Many of these functions have variants with an _all suffix (e.g. str_replace_all) which will match more than one occurrence of the pattern in a string.

Simple Pattern Detection

text = c("The quick brown" , "fox jumps over" , "the lazy dog")

str_detect(text, "quick")

[1]  TRUE FALSE FALSE

str_subset(text, "quick")

[1] "The quick brown"

str_detect(text, "o")

[1] TRUE TRUE TRUE

str_subset(text, "o")

[1] "The quick brown" "fox jumps over"  "the lazy dog"

str_detect(text, "row")

[1]  TRUE FALSE FALSE

str_subset(text, "row")

[1] "The quick brown"

str_detect(text, "the")

[1] FALSE FALSE  TRUE

str_subset(text, "the")

[1] "the lazy dog"

str_detect(
  text, regex("quick", ignore_case=TRUE)
)

[1]  TRUE FALSE FALSE

str_subset(
  text, regex("quick", ignore_case=TRUE)
)

[1] "The quick brown"

Aside - Escape Characters

An escape character is a character which results in an alternative interpretation of the subsequent character(s).

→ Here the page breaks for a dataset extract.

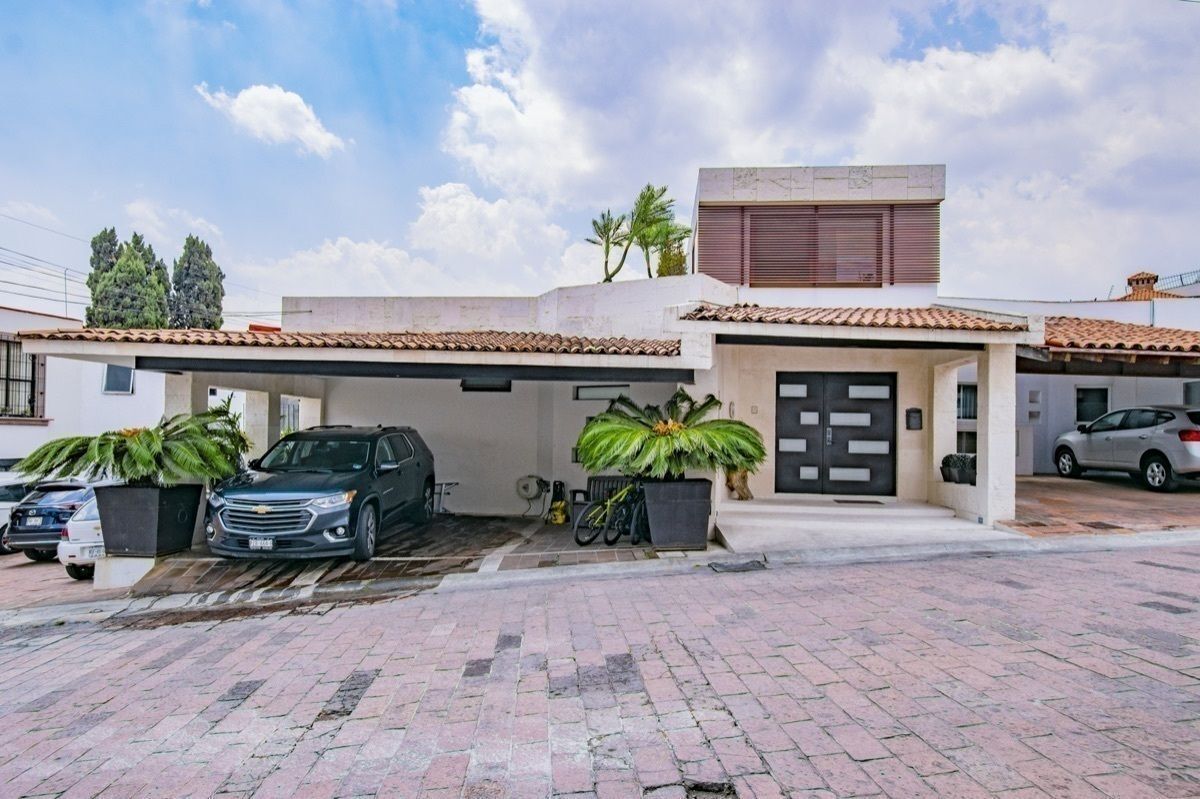 EN VENTA CASA EN PRIVADA EN TECAMACHALCO CON MUCHA ILUMINACI�?N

These vary from language to language but for most string implementations \ is the escape character which is modified by a single following character.

Some common examples:

Literal	Character
`\'`	single quote
`\"`	double quote
`\\`	backslash
`\n`	new line
`\r`	carriage return
`\t`	tab
`\b`	backspace
`\f`	form feed

Examples

print("a\"b")

[1] "a\"b"

cat("a\"b")

a"b

print("a\tb")

[1] "a\tb"

cat("a\tb")

a   b

print("a\nb")

[1] "a\nb"

cat("a\nb")

a
b

print("a\\b")

[1] "a\\b"

cat("a\\b")

a\b

Raw character constants

As of v4.0, R has the ability to define raw character sequences which avoids the need for most escape characters, they can be constructed using the r"(...)" syntax, where ... is the raw string.

print(
  "\\int_0^\\infty 1/e^x"
)

[1] "\\int_0^\\infty 1/e^x"

print(
  r"(\int_0^\infty 1/e^x)"
)

[1] "\\int_0^\\infty 1/e^x"

cat(
  "\\int_0^\\infty 1/e^x"
)

\int_0^\infty 1/e^x

cat(
  r"(\int_0^\infty 1/e^x)"
)

\int_0^\infty 1/e^x

RegEx Metacharacters

The power of regular expressions comes from their ability to use special metacharacters to modify how pattern matching is performed.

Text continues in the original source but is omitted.